You cannot use the Schwarz lemma, since you do not have $f(0)=0$. But there is a generalization of this result called the Schwarz-Pick theorem, which is valid for any holomorphic map from $D$ to $D$. The Schwarz-Pick theorem supplies you with the inequality ${|f'(z)|\over 1-|f(z)|^2}\leq {1\over 1-|z|^2}$, and when you use this on the two points in the problem you get that (3) is true.

In fact, even more can be said about $f(z)$! Since the two points $0$ and $1\over 2$ are interchanged, the hyperbolic distance between them is preserved, and $f(z)$ has to be a Möbius transformation. A little computation shows that the only possible solution is $f(z)={2z-1 \over z-2}$, and that the inequalities on $|f'(0)|$ and $|f'({1\over 2})|$ are in fact equalities.
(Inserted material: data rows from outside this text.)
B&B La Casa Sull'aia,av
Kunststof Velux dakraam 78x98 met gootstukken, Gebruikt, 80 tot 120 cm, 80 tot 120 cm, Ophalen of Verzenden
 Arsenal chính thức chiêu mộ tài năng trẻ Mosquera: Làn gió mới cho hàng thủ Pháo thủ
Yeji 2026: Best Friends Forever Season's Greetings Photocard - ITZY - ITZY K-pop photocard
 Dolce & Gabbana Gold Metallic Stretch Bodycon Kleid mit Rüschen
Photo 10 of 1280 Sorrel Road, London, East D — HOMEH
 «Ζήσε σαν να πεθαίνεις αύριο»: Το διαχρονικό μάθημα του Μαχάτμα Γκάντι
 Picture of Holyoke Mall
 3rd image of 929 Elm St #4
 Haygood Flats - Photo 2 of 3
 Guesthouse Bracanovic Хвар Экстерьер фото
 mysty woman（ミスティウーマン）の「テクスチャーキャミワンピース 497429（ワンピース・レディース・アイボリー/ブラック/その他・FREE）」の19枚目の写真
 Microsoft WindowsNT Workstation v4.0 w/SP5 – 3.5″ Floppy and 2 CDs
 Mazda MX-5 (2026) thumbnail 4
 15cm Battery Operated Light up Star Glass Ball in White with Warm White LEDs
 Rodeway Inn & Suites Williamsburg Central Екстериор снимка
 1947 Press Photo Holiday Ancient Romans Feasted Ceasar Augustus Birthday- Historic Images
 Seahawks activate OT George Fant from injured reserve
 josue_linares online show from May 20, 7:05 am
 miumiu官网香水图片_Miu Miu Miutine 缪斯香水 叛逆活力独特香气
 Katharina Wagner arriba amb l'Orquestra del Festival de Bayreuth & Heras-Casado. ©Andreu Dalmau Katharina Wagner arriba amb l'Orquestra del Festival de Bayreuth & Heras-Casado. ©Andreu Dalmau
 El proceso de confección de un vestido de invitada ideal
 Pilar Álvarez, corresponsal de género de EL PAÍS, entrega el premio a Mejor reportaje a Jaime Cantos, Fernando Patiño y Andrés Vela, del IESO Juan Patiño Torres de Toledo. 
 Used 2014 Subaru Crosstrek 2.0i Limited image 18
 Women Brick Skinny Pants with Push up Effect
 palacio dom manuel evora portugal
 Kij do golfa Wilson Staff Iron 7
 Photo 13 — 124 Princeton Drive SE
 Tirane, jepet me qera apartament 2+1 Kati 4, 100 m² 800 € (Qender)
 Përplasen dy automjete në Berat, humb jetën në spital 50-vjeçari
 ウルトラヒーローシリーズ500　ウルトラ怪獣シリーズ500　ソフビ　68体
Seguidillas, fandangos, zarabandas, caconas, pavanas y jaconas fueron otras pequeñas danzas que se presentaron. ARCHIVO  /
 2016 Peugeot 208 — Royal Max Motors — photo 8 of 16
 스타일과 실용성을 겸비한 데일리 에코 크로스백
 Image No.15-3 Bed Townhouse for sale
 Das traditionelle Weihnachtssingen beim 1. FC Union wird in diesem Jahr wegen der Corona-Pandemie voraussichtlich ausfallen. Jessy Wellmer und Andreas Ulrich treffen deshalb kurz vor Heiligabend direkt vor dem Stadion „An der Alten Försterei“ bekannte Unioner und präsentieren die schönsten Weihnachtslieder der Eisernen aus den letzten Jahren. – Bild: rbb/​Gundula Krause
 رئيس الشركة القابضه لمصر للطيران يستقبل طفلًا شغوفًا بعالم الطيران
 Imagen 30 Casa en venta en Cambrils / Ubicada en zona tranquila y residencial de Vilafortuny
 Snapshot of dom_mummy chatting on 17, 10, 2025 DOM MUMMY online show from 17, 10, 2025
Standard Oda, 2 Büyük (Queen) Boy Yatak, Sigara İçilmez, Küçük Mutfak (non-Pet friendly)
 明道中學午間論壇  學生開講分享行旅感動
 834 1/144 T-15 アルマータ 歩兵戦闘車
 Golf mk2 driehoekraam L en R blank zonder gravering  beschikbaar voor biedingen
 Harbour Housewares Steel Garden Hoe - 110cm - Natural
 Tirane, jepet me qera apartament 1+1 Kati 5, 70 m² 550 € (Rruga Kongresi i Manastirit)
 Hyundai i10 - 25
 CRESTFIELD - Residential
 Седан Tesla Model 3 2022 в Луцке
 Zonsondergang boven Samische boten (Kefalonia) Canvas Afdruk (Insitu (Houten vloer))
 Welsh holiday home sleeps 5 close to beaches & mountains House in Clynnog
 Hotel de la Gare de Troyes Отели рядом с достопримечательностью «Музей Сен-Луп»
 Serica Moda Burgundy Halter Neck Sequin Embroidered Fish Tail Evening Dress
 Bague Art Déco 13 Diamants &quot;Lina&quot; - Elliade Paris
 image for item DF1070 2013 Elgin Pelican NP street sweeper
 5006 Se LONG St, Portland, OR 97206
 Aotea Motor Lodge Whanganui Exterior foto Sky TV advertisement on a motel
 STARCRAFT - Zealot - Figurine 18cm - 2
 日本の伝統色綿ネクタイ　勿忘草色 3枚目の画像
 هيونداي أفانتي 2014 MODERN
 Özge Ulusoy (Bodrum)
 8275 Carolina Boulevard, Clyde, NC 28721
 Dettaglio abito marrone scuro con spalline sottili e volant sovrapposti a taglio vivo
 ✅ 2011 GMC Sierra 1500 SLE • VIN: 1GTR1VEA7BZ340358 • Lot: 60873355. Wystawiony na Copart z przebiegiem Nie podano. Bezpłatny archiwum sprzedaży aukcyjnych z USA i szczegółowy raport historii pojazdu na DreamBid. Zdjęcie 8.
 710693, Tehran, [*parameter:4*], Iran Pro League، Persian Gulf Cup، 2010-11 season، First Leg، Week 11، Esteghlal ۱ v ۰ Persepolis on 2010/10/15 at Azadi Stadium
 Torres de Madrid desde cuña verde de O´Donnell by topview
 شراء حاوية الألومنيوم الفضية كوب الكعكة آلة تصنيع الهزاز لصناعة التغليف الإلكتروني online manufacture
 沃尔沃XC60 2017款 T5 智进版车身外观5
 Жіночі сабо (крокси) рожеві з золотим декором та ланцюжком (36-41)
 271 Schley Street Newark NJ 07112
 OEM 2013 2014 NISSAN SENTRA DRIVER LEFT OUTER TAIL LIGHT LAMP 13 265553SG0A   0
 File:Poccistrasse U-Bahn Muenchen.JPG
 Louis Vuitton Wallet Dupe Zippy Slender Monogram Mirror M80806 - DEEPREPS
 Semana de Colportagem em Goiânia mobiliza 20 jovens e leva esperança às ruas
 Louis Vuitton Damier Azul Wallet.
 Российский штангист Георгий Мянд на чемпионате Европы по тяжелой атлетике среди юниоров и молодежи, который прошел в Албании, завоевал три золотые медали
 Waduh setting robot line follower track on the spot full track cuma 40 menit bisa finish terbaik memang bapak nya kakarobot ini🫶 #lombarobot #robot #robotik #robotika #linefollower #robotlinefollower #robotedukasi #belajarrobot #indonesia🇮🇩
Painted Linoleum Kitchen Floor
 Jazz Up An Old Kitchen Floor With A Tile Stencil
It is quite easy to get the Schwarz-Pick theorem from the Schwarz lemma. If the point you are interested in is mapped to some other point, you just compose your function with suitable Möbius transformations to get a map which sends $0$ to $0$, and use the Schwarz lemma on this composition. Unraveling the result gives you the Schwarz-Pick theorem.

One nice way to state the Schwarz-Pick theorem is that no holomorphic map from $D$ to $D$ can increase hyperbolic distance between any two points. You can get to a lot of very beautiful mathematics if you study this topic.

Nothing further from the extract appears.